Black magic, or insanity?

K

Keith Thompson

Robbie Brown said:
Helmut Tessarek said:
On 21.01.14 7:33 , Robbie Brown wrote:
check out my mail signature. it will also answer your question.

[...]
/*
Thou shalt not follow the NULL pointer for chaos and madness
await thee at its end.
*/

Good advice, but not actually relevant in this case.

The OP *expected* a segmentation fault on dereferencing a null pointer.
The problem was that the pointer object in question was uninitialized,
and therefore might or might not contain a null pointer value.

Yes, I'm starting to get the impression that, unlike other languages I
have used, C (or rather the C compiler perhaps) doesn't stop you from
doing all manner of exceptionally stupid things.

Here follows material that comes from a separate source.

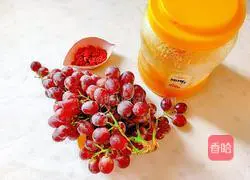 Illustration of how to make healthy red grape and wolfberry soup 2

Yes. Another interesting, um, feature of C is that the syntax is what I
think of as "dense". What that means is that a single-character typo in
an otherwise correct C program can easily produce something that's
perfectly correct as far as the compiler is concerned, but has
completely different behavior.
For example, for no other reason that experimentation I tried to get my
head around pointers to pointers and came up with the following.
Trying hard not to make assumptions, just observations.

[Linux 3.2.0-23-generic x86_64 GNU/Linux]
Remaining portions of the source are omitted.